Как кризис сказался на театре и почему театр сложнее жизни? На вопросы нашего корреспондента отвечает главный режиссер Уфимского государственного татарского театра «Нур» Байрас Ибрагимов.
– Байрас Надимович, вам сейчас 64 года, как вам удается так хорошо выглядеть?
– Это связано только с работой. Я в театре уже около сорока лет, и театр – это место, где не ощущается возраст. То есть, театр не дает тебе расслабиться. Во-вторых, театр – дело молодое и поэтому бегаешь как пятнадцатилетний мальчишка. Актеры меня питают энергией. Когда актер знает свою задачу, он подкидывает тебе свои идеи, ты включаешься в работу, зажигаешься и начинаешь творить. Внутреннее ощущение молодости у работника театра должно оставаться всегда.
– «Театр это модно» – такой хештег стоит на афише напротив здания уфимского Молодежного театра. Согласны ли вы с этим утверждением?
– Скорее, эта фраза подходит более к молодежному театру. Я бы так резко не утверждал. Хорошая одежда, дорогая машина – все это тоже модно… Всю свою жизнь я мечтаю, чтобы театр был человеку необходим. Ведь само предназначение театра, со времен его создания, выражается в том, чтобы человек оставался Человеком. С большой буквы. Часто человек забывает свое истинное предназначение. Он начинает жить по звериным законам, поклоняться не тем богам, золотому тельцу, или еще чему-то. А ведь человек существо божественное. Бог создал человека для того, чтобы он творил добро, а не зло. Об этом говорит театр с тех пор, как он существует. В общем, если говорить коротко, я бы использовал другой слоган для театра.

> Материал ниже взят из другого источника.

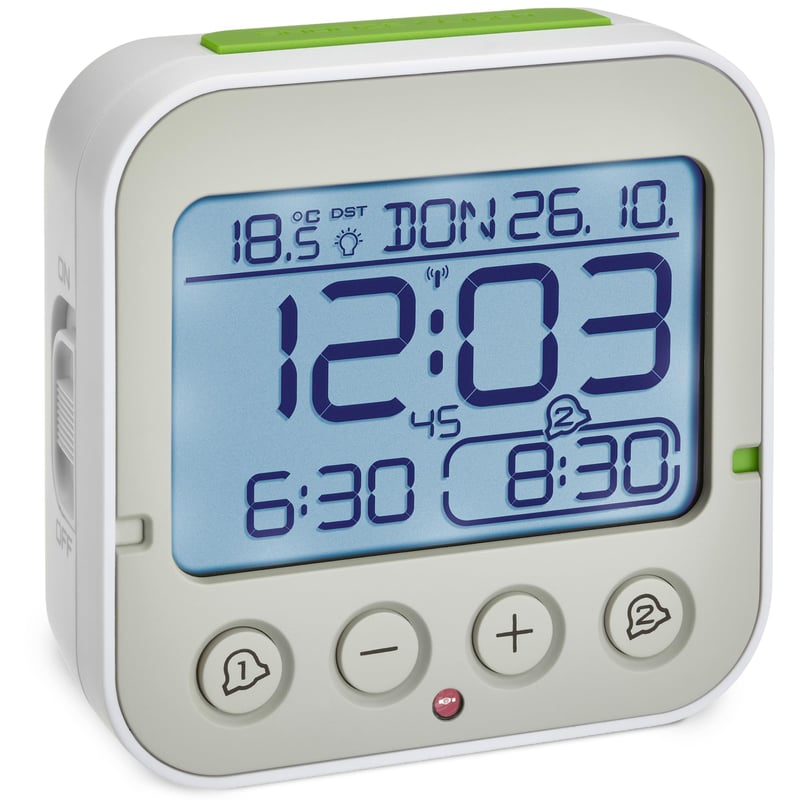 Ceas deșteptător digital TFA Dostmann Bingo 2.0 cu afișaj de temperatură, 2 alarme, dată, alb, 95x41x96 mm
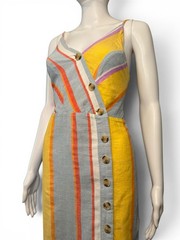 Sandy & Sid Women&rsquo;s Size M Linen Blend Striped Button-Front Midi Tank Dress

– А как вы оказались в театре «НУР»?
– Я, как режиссер, начал работать в конце 80-х. Работал главным режиссером Сибайского драматического театра. Однажды мне позвонили из Уфы и рассказали, что затевается татарский театр «Нур», и пригласили в столицу. В 1991 году я переехал в Уфу, и мне пришлось создавать «НУР» с нуля. Набирать актеров с других театров. После того как образовался костяк, уже в 1992 году мы открылись. К этому времени у нас было в репертуаре 4 спектакля. Работали, конечно, день и ночь. Это была чистой воды романтика. У нас тут революция, баррикады, суверенитет, а мы театр строим! Однажды меня чуть не убили: требовали деньги бандиты. Думали, что главный режиссер много зарабатывает (хохочет). Было разное. Трудно было. Но потихоньку создали все цеха. Ведь персонал, который обслуживает рождение спектакля, и обеспечивают его прокат, превышает число актеров в несколько раз. Вот такой очень сложный организм – театр. А зритель видит лишь конечный продукт, все остальное – «кухня».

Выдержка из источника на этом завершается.